You're a clever guy 'Meat.
-br


----------



## jerrycmorrow (Jan 7, 2011)

just for clarity tell your neighbor he is not welcome on your property and document the conversation, post no trespassing signs (maybe a message about survivors will be prosecuted, etc.), install game cameras (where they can't be easily gotten to by the scumbag), a trip-wire with a surprise (doesn't have to be lethal but can be fun like a tipping 5-gallon bucket full of (insert your favorite flavor)), put date-stamped picture in your photo album and send copy to local gendarme and prosecuting attorney with previous documentation. i'm assuming that there is currently no hope that you will ever have an amicable relationship with the neighbor. if there is that hope might want to try reasoning first. course i would have an equalizer with me. hope it ends well.


----------



## rrausch (Jan 14, 2011)

Somebody's gotta be burning waste oil around where you are. I'd definitely lock the barn, but I'd sell the waste oil if I could.

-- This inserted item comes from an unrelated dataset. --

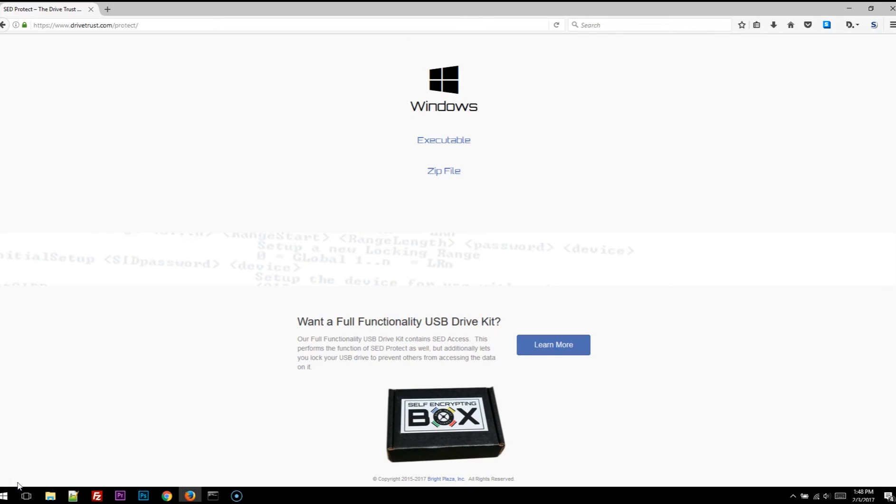And be sure to check out our main page too at drivetrust.com to learn all about the DriveTrust Alliance and self-encrypting drives.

BTU's are BTU's.


----------



## climber17 (Feb 8, 2011)

sounds like my parents neighbor who has lived in the area longer. hes a self ordained preacher who had a dog that killed my parents chickens. caught the dog with a dead chicken and dropped it dead at his front door with a .270 dog problem solved. put holes in all his collection pails and the oil wont have a chance to make it your way. a Healer or austrailian sheppard on a runner along the property line during the times you are not at home may be a smart idea along with contacting the police.


----------